Friday, July 13, 2018
Naval Gazing
At age 4 success is ... . not peeing in your pants.
At age 12 success is . . . having friends.
At age 16 success is . . . having a drivers license.
At age 20 success is.......going all the way.
At age 35 success is . . ..having money.
At age 50 success is . . . having money.
At age 60 success is . . . going all the way.
At age 70 success is . . ..having a drivers license.
At age 75 success is . . . having friends.
At age 80 success is . ... not peeing in your pants.
"For I know the plans I have for you," declares the LORD , "plans to prosper you and not to harm you, plans to give you hope and a future."
Jer 29:11
I have a little nagging thought this morning. I was with a family member last night, family going through some hard times. Some fracturing in the family. Many in the family trying to deal with it head on, some trying to approach at a side angle. Which is correct? Maybe my other side of the family tendency all along, to not talk about everything, sometimes don't say anything...is that correct? Why do I always feel the need to tell my feelings, side, perspective...maybe I should just shut up and listen. Once something is said, can't be unsaid. Where did this come from in me? How do I admire and accept unconditional love if I don't have that as a value too? Maybe it is some part of my desire to avoid conflict. Do I walk away too easily...Self actualization starting here? Maybe this is something I need to delve into...hmmmmmm. Deep thoughts for Friday the 13th. OK. I am done thinking for today. Hope you have a great Friday!
Tuesday, September 19, 2017
Gotta start somewhere...
So I have been fascinated with the process of a blog for several years. My favorite blogs to read are ones where people just talk about life. I especially like when one is blogging for an event or change. So, rather than regale my friends and family into listening to my stories over and over about how much joy I am getting from reducing my clutter and getting ready to move 225 miles away (this bring sadness to family and friends I will be moving away from), I thought I would talk to the blogosphere and see if I can meet some like-minded folks out there.
Plus, I have a really teadious job that gives me sometimes several days with not much to do, followed by furious crunch time work. Very hard to find a balance. I probably should have called my blog Finding Balance, but that would suggest much more zen type of content, which I probably would fall wearily short.
My husband is getting ready to retire in 10 months. 283 days, 6 hours, 15 minutes and 25 seconds...give or take. Who's counting? Part of what attracted me to this idea is the intention to write through this process and see if I was able to, wanted to, keep this up for the 10 months. Another part of me wants to see what writing is like since I will have a lot of free time (God willing) once we retire and move. My husband is a little older than I am, so I am not sure I will totally retire or work a 3rd career (I have already been through 2 careers, not counting all the work/jobs I did since I was 12 years old up until I graduated from college). I think I am a bit too young, restless, impatient, spendthrifty...scared, OK scared is a fair word. I am a bit scared of what this will bring. Some of my fear is about money, but about equally scarey is what my life will look like...will I like myself? Will I feel I am accomplishing enough? Will I?...what if?...what about?...

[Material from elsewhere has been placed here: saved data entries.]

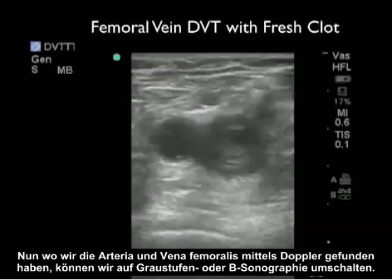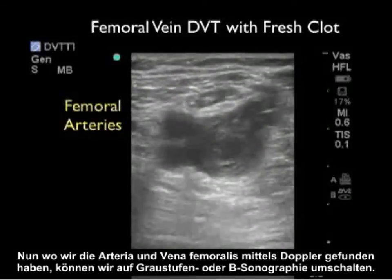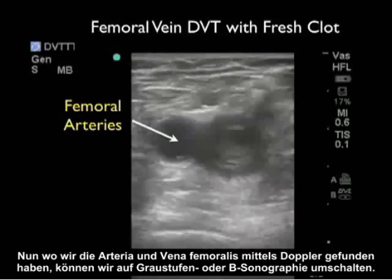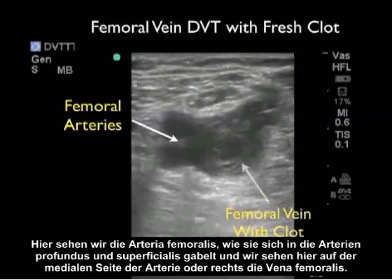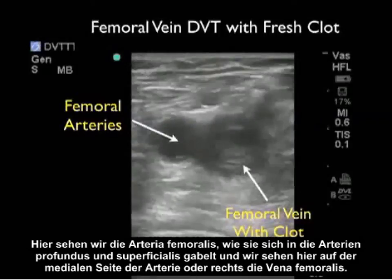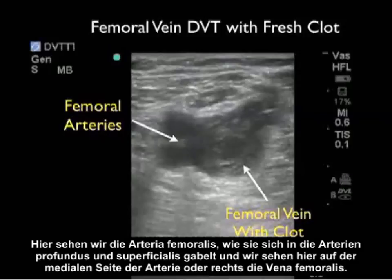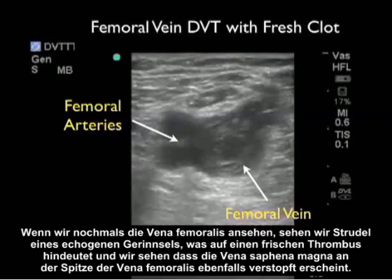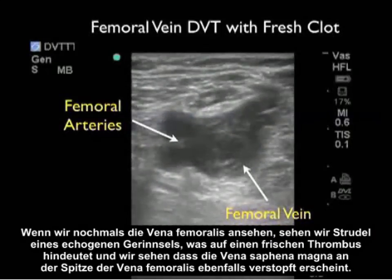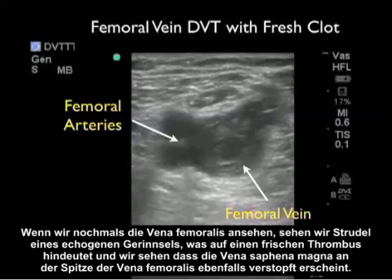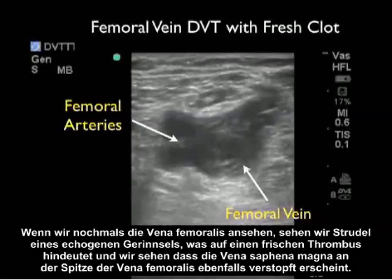Now that we've identified the target femoral artery and vein using Doppler flow, we can switch over to grayscale or B-mode sonography. Here we're looking at the femoral artery as it bifurcates into the profundus and superficialis arteries, and we note towards the medial aspect of the artery or towards the right, the femoral vein. Looking within the femoral vein, we see swirls of echogenic clot consistent with fresh thrombus, and we note again that the saphenous vein off the top of the femoral vein appears clotted as well.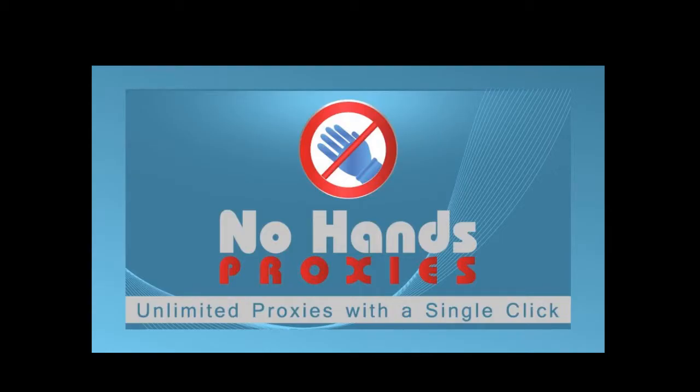Hey guys and welcome to another video in the No Hands Proxies tutorial video series. In this video I'm going to be showing you how to automatically get the proxies from No Hands Proxies into GSA Search Engine Ranker.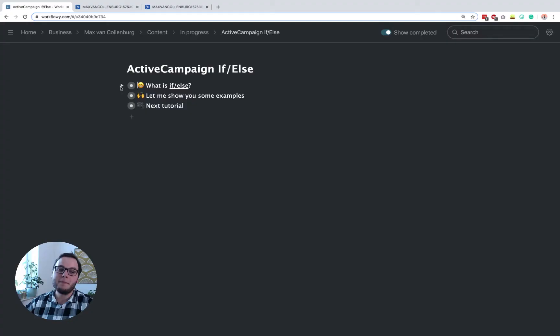Hey, this is Max here and in this tutorial we're going to talk about the if-else inside ActiveCampaign. It's a really cool feature that you can use to make your automations way smarter. In this tutorial I'm going to explain what it is, how you can use it, and I'll show you a bunch of practical examples. So let's dive in.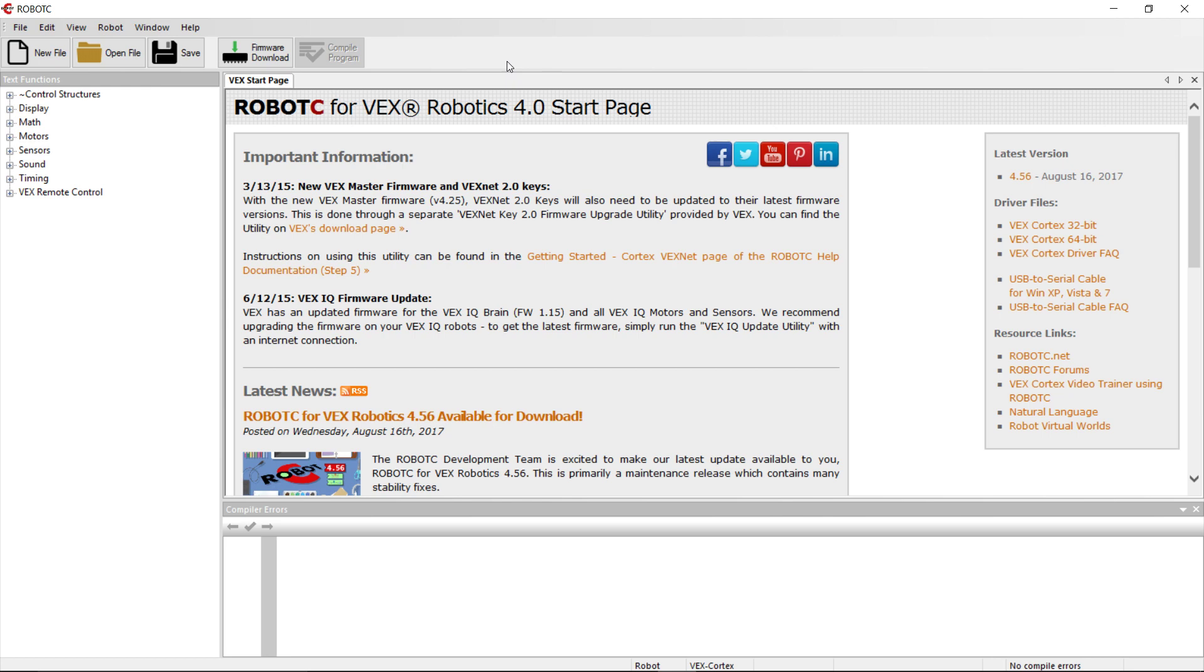Sometimes when we plug the Cortex in via USB, Windows doesn't automatically recognize it, or the driver assignment to the USB port is slow. Something happens where Robot C can't communicate with the Cortex. So the very first thing we're going to do is set up that communication between Robot C and the Cortex through the Windows computer.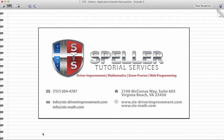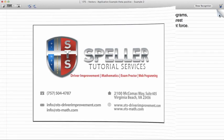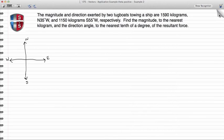Welcome back to Speller Tutorial Services. Today we're going to continue with our talk on vectors. We're going to do another application problem and I'm going to show some different techniques with the trig functions. The magnitude and direction exerted by two tugboats towing a ship are 1590 kilograms north 35 degrees west and 1150 kilograms south 55 degrees west respectively. We need to find the magnitude and the direction angle of the resultant force.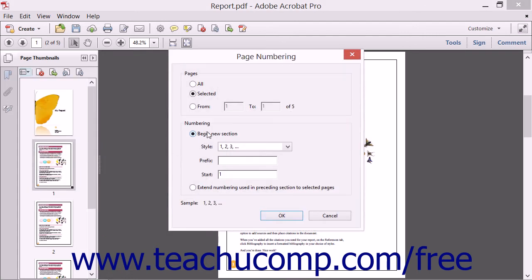Enter a page range from 1 to the last page within your document. Remember that the title page doesn't have a number, so page 1 is now the second page of the PDF.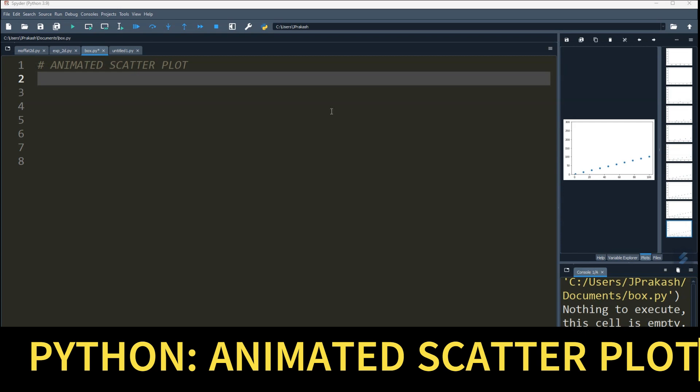Hi guys, welcome to my Python YouTube channel CS2. In this Python tutorial, I'm going to show how to code an animated scatter plot in Python using the matplotlib library. So let's start.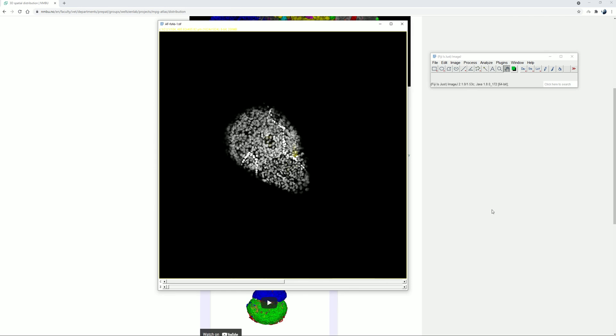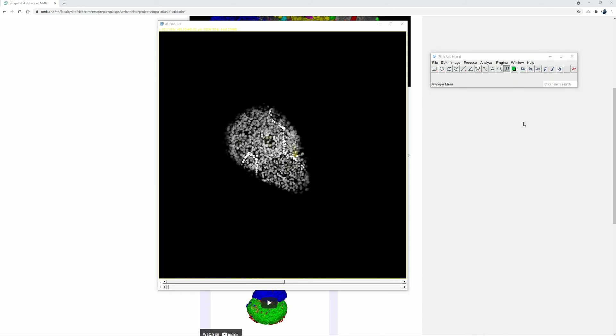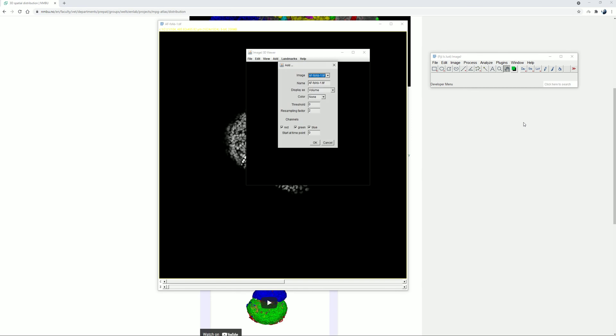So now, we go to the Plugins menu and select 3D Viewer. A new dialog window will pop up. Leave everything as default except for the resampling factor where we change the value to 1, and then click OK.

I have learned that journaling is a good thing. But I want more than just journaling. I want to get to know others out there who are going through something, needing a bit of contact. Not only are we relocating...we are moving to a very small town from a decent sized Midwestern city. We are going south about 225 miles to another state. We want it a bit warmer (me, not too warm). I have lived in this state before, in another life. Well not really, but I lived there over 20 years ago. I liked it there very much, but I was younger and single and restless and in career-mode.
I am not really scared about the small town part, I grew up in a REALLY small town. My husband has never lived in another state. But he and I are both sick of the city and sick of the pace and sick of having to get out and get around in the cold.